Look below for the line that has "Irish Soda Bread 9". Set down the lines from there through the line that has "Curved modern glass", exactly as written.

BEGIN SOURCE MATERIAL

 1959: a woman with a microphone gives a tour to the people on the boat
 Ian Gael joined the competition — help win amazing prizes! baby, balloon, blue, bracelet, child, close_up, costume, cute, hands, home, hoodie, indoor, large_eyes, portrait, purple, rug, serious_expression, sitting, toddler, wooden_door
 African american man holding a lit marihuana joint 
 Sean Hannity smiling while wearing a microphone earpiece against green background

END SOURCE MATERIAL
BEGIN SOURCE MATERIAL

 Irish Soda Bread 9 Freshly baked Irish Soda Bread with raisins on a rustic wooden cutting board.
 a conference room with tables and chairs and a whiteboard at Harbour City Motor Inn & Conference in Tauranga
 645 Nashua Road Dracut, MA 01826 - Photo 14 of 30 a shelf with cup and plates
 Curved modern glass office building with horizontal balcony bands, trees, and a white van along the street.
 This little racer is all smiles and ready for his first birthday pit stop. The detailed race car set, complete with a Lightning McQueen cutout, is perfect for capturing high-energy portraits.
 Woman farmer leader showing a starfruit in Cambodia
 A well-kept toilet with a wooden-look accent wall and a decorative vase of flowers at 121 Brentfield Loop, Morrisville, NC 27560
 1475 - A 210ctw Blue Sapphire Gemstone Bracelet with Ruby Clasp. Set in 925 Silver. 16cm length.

END SOURCE MATERIAL

**EXPECTED OUTPUT**
 Irish Soda Bread 9 Freshly baked Irish Soda Bread with raisins on a rustic wooden cutting board.
 a conference room with tables and chairs and a whiteboard at Harbour City Motor Inn & Conference in Tauranga
 645 Nashua Road Dracut, MA 01826 - Photo 14 of 30 a shelf with cup and plates
 Curved modern glass office building with horizontal balcony bands, trees, and a white van along the street.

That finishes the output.